I convinced them to jump right into school work and get math out of the way because I didn't want them out there trying to sled (on the icy streets) when people were trying to drive to work. (Moms are so irrational about what's really important!) This was not a popular decision, what with the public schools having Late Arrival because it's taking the buses so much longer to get around.
HA! The boys were rewarded and I was vindicated... as they wrapped up their math and writing, (just as kids were headed past our house, on their way to school), the snow really began to fall.
Could you really study much, with that going on outside the window?

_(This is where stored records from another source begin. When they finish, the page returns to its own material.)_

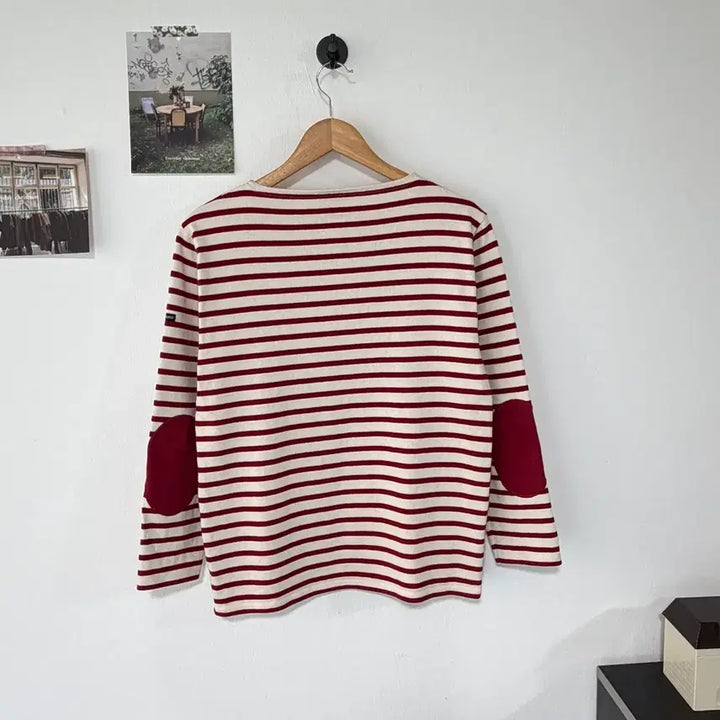 [BUNJANG] Saint James Boat Neck Long Sleeve T-Shirt / [택포] [S/M] 세인트제임스 보트넥 긴팔티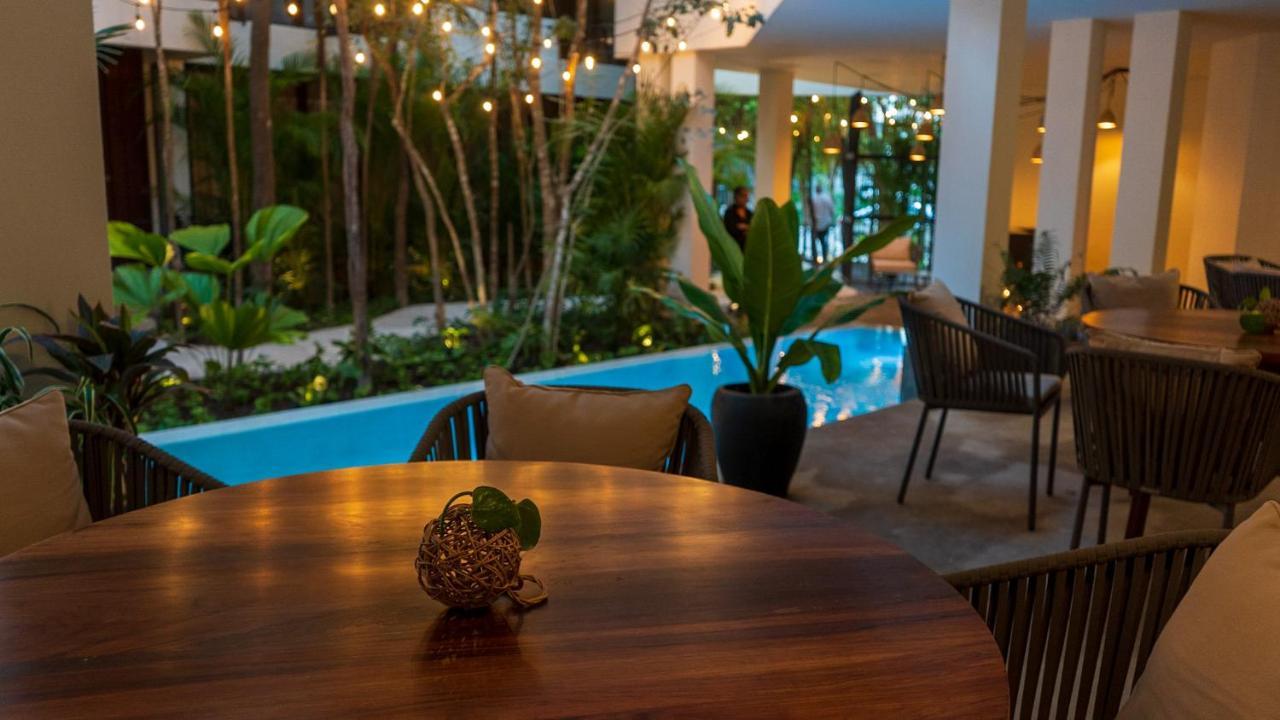 Kasa Hotel Kuyen - Adults Only Тулум Экстерьер фото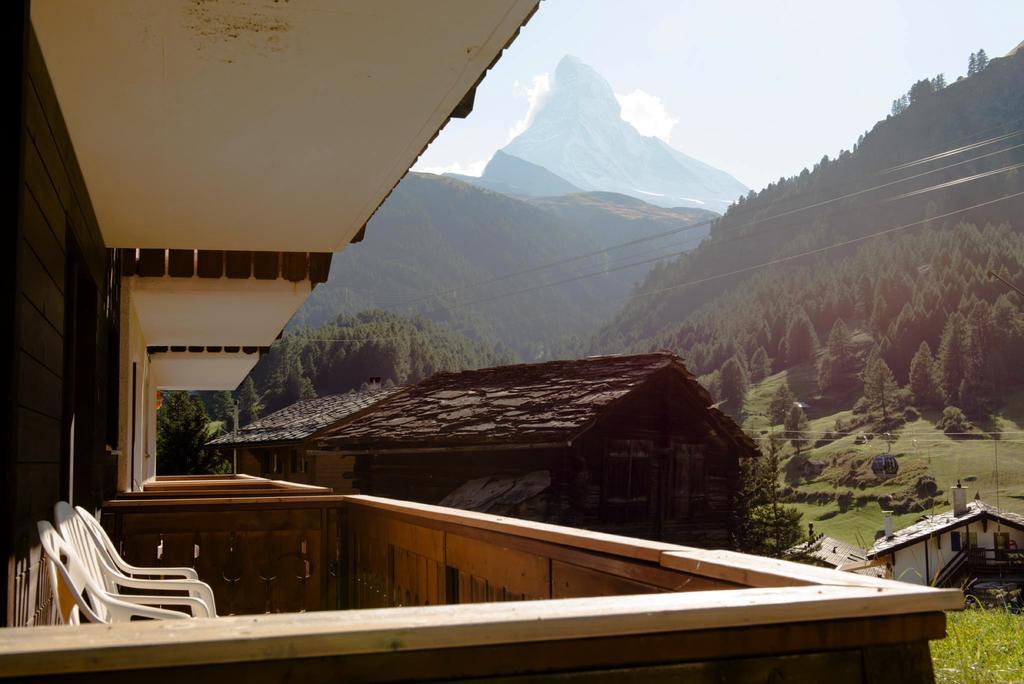 Bed & Breakfast Bijou Zermatt Eksteriør billede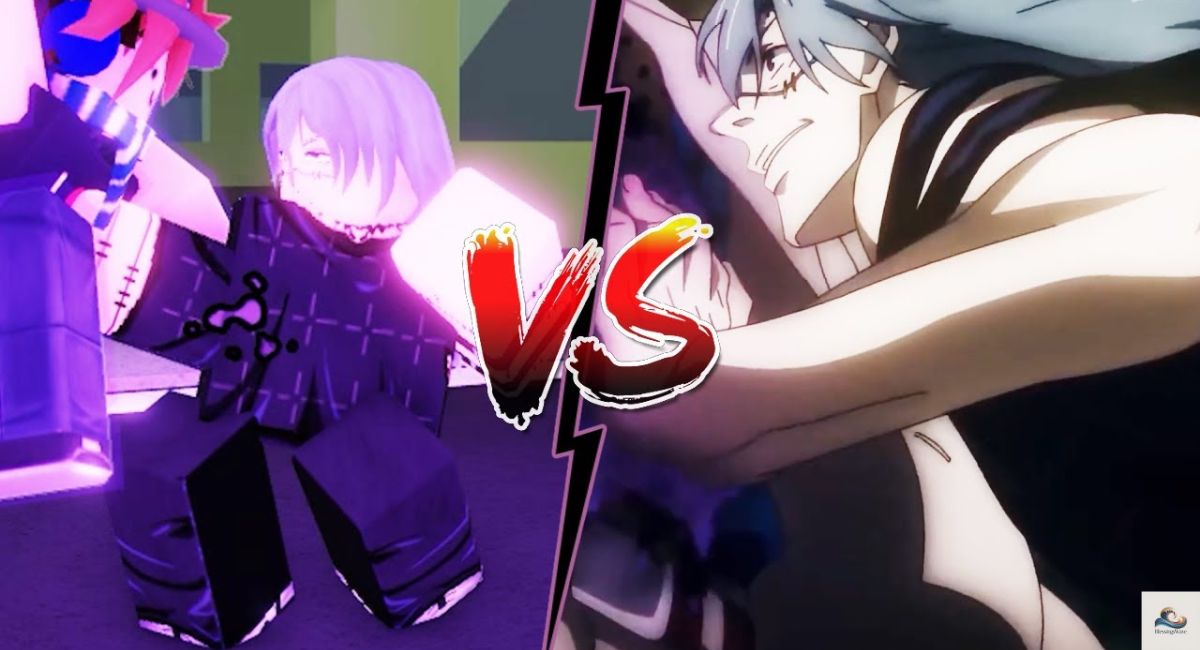 Mahito’s Interaction With Other Characters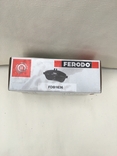 Ferodo Тормозные колодки - задние FDB1636, numer zdjęcia 4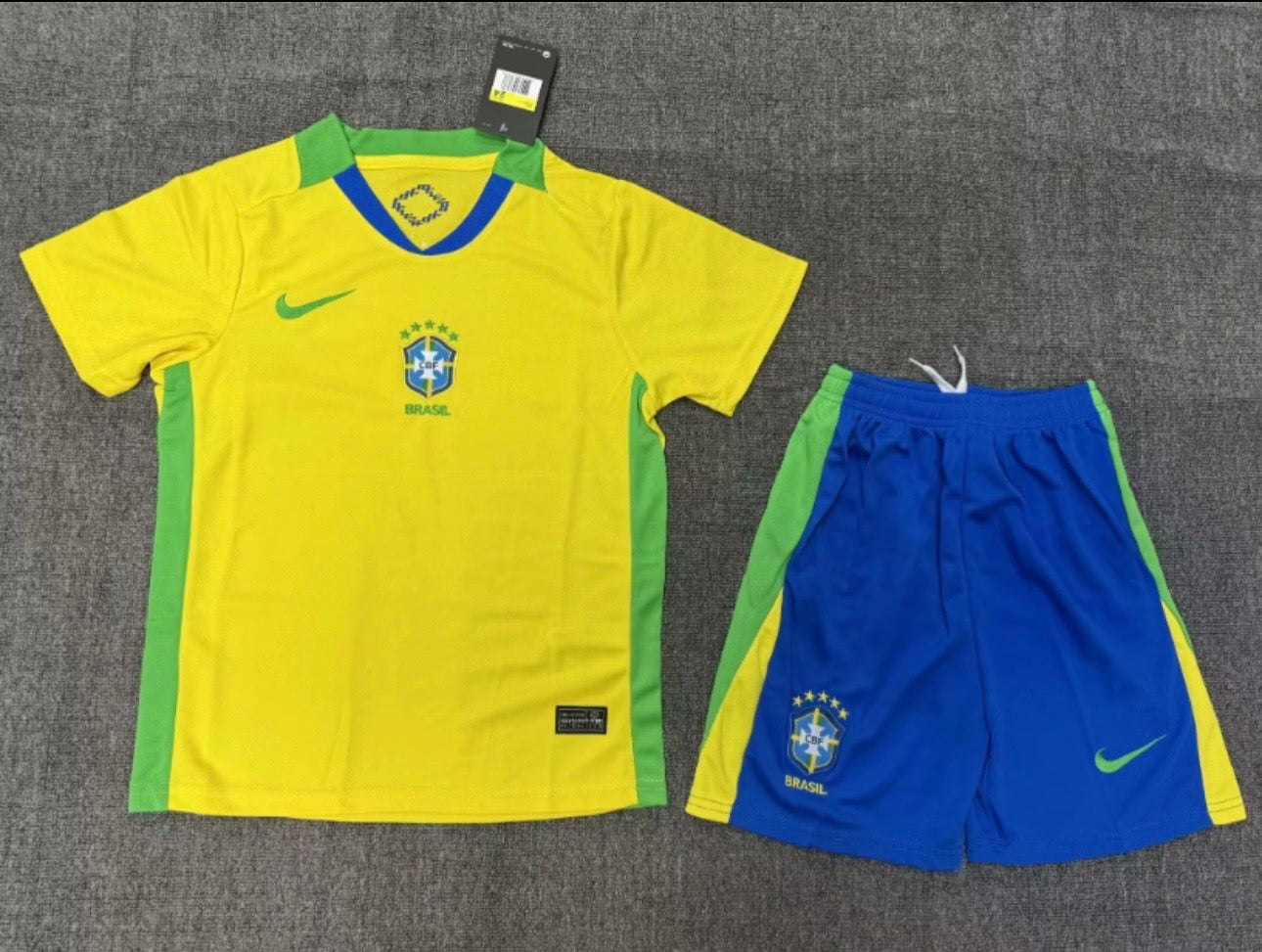 Uniformes de fútbol de Brasil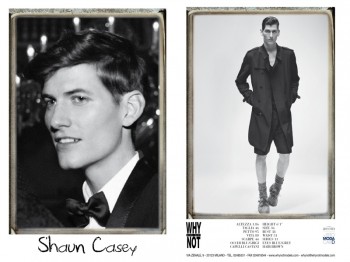 Shaun Casey whynot show package spring summer 2014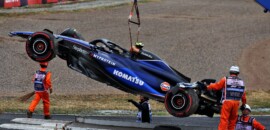 F1: Acidentes já custaram mais de US$ 2 milhões para a Williams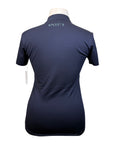 Schockemohle 'Summer Page' Shirt in Navy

Hence, the empty room...
Well, what could I say, but, "I think it's time for homeschool PE!" And out they went. For three hours.
I finally forced them to come inside for lunch, around 1pm. Doesn't tomato soup and toasted cheese sandwiches (for some obscure reason known as "cheesy pleasy" at our house) sound just about perfect? Finished our history study for the week, talked a bit more about Windchill and hypothermia, and turned them loose in time to meet all their friends coming home from school for another three hours of "self directed exercise"... or something like that.
We are The Happenin' Place when it snows. That is, we live on a dead-end road that is the practically-perfect sledding hill. Well, except for that intersection at the bottom. Minor details, people! There are often adults keeping watch over the flocks of kids... and occasionally stopping traffic to let an avalanche of sledders go by.
Don't those look like happy faces?! And boy do they sleep well!
2 comments:
Your house looks like it belongs in Western New York, lol! What great fun- sledding and learning about weather systems at the same time. I would be a nervous wreck with the whole "Frogger" aspect of sledding through the intersection. Us moms are such killjoys!
Yeah, the intersection does make me nervous.
This year is the first time I have been able to be a little relaxed about it... due to the ages of the boys.
There's not a lot of traffic, and even less when it snows - lots of people here really are not used to driving in the snow and just stay home (or take the bus... which DOES go through the intersection twice each hour). But my boys know that if there's not an adult out in the street giving the all clear, they're to steer their sleds into the yard and 'bail out'. If I see them out in the intersection they are BUSTED!